Command-Line Arguments
The signature of main determines what arguments it receives. Three forms are supported:
// no arguments
main() { ... }
// receives all arguments as a sequence of strings, including argv[0]
main(args) {
println(size(args)); // number of arguments
println(args[0]); // program name
println(args[1]); // first user argument
}
// receives raw C-style argc and argv
main(argc, argv) { ... }
Compile-Time Evaluation
The compiler includes an evaluator that runs certain things at compile time:
- Pattern guard predicates
- Parameters of parameterized symbols
- Operands of
#static expressions andevalstatements and expressions - Declared return types in function definitions
- Declared instance types in variant definitions
- Computed record layouts
The evaluator matches runtime semantics with these restrictions.
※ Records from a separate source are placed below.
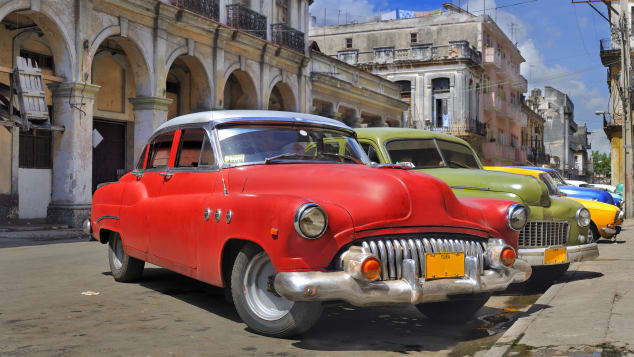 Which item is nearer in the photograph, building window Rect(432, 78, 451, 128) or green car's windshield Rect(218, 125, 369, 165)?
green car's windshield Rect(218, 125, 369, 165)

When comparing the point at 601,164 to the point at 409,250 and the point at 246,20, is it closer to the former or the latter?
the point at 246,20

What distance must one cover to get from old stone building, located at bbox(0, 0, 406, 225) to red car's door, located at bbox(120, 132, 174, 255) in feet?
18.5

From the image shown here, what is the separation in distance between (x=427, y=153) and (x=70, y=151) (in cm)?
1081

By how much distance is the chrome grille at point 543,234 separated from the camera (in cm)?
746

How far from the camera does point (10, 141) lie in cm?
1802

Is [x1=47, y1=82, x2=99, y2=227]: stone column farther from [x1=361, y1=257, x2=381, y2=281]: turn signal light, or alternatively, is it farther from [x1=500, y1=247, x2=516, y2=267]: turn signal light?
[x1=361, y1=257, x2=381, y2=281]: turn signal light

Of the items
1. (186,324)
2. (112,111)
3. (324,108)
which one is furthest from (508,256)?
(324,108)

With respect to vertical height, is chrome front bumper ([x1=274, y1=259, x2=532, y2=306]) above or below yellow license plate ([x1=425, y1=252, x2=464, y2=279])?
below

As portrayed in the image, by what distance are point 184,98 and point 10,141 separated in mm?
7221

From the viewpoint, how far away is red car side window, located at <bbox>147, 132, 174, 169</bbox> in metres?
6.46

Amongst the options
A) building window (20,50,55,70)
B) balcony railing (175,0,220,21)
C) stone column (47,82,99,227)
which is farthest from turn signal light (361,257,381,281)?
balcony railing (175,0,220,21)

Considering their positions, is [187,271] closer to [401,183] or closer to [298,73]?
[401,183]

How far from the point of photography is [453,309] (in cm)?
561

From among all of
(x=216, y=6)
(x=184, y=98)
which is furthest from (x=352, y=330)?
(x=184, y=98) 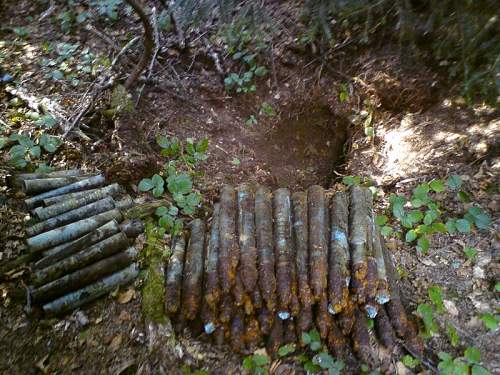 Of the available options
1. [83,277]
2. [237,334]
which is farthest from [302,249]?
[83,277]

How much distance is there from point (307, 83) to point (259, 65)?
70 centimetres

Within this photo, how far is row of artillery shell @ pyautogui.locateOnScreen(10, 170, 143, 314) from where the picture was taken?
2662 mm

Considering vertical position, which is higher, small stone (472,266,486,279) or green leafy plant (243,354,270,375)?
green leafy plant (243,354,270,375)

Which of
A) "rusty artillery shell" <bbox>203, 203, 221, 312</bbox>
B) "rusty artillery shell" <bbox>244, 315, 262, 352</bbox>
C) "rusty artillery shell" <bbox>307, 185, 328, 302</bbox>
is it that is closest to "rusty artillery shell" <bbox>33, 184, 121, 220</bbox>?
"rusty artillery shell" <bbox>203, 203, 221, 312</bbox>

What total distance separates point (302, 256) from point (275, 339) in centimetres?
63

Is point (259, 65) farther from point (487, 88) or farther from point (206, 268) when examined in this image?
point (206, 268)

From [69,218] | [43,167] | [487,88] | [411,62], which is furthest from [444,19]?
[43,167]

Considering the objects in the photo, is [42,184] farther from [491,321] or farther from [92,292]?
[491,321]

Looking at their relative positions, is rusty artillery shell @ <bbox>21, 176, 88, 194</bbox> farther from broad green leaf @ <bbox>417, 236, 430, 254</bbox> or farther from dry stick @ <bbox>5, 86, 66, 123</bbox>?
broad green leaf @ <bbox>417, 236, 430, 254</bbox>

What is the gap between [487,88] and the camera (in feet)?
10.5

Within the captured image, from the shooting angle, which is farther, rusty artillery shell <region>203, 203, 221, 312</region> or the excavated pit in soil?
the excavated pit in soil

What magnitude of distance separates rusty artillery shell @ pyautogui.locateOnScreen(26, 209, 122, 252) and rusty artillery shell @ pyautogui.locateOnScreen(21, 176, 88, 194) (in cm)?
49

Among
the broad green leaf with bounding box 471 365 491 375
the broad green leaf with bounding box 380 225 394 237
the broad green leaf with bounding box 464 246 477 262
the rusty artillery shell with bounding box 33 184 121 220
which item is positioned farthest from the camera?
the broad green leaf with bounding box 380 225 394 237

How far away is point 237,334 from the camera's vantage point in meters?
2.69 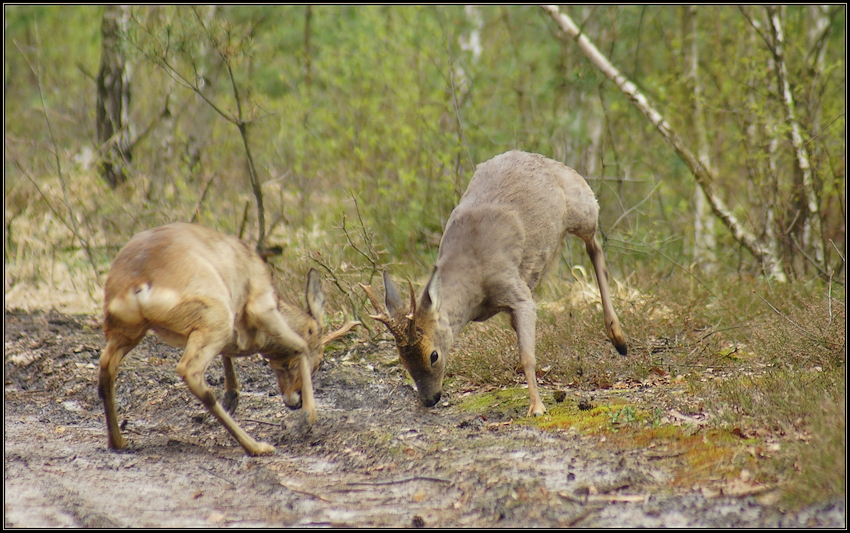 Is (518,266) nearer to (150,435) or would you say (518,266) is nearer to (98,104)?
(150,435)

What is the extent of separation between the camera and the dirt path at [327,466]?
4.37m

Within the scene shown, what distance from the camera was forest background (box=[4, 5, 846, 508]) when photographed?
7941 mm

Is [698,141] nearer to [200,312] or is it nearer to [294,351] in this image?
[294,351]

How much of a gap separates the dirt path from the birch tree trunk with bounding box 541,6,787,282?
4.29 m

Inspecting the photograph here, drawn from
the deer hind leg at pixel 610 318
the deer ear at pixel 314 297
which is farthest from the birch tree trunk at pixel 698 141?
the deer ear at pixel 314 297

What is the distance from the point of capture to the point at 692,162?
9.77 m

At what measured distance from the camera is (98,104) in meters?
13.7

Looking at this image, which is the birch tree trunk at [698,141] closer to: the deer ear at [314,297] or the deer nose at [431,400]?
the deer nose at [431,400]

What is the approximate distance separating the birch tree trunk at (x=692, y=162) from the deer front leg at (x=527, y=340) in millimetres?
3834

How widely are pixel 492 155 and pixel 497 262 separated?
5813 mm

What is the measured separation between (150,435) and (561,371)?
3546 millimetres

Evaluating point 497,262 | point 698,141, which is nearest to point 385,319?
point 497,262

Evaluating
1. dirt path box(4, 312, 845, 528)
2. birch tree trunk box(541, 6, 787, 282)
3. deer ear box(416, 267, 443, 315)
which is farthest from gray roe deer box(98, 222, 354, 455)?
birch tree trunk box(541, 6, 787, 282)

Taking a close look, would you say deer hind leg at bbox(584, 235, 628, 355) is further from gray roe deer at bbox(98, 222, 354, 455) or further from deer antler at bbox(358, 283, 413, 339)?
gray roe deer at bbox(98, 222, 354, 455) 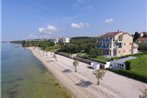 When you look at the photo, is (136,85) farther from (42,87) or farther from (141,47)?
(141,47)

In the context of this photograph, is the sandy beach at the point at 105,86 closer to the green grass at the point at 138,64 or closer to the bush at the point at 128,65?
the bush at the point at 128,65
It cannot call external functions or __llvm__ functions. It does not support exception handling and always behaves as if exceptions are disabled. It does not call destroy. It does not initialize global variables.
Pattern Matching
Ceramic uses unification-based pattern matching to select overloads and bind variant instances. A pattern may be a literal, a named symbol, a free pattern variable, or a symbol with a parameter suffix. The match fails if structure doesn't match, or if a pattern variable is bound to two different values.
define foo;
define bar;
define pattern;
[T]
overload pattern(#T) { println("a"); }
overload pattern(#bar) { println("b"); }
testPattern() {
pattern(foo); // prints a
pattern(bar); // prints b
}
Multiple-value patterns may end with ..name: a variadic variable that greedily matches all remaining values.